WHAT YOU HAVE TO DO: Hunt for the word "while" across the entries below, copying each line that holds it.

>>>

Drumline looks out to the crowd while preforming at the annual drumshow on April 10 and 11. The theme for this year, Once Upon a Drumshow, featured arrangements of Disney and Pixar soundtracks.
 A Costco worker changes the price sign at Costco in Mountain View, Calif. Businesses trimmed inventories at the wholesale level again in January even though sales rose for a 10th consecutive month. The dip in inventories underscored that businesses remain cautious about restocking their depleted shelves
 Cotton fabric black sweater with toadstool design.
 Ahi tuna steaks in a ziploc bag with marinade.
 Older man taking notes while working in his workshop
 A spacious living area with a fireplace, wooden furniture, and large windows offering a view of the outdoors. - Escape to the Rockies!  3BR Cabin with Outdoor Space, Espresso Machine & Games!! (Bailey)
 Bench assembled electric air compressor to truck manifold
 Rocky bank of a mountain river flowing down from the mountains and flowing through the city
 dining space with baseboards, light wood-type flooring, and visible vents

<<<

SOLUTION FOR THIS TASK:
Drumline looks out to the crowd while preforming at the annual drumshow on April 10 and 11. The theme for this year, Once Upon a Drumshow, featured arrangements of Disney and Pixar soundtracks.
 Older man taking notes while working in his workshop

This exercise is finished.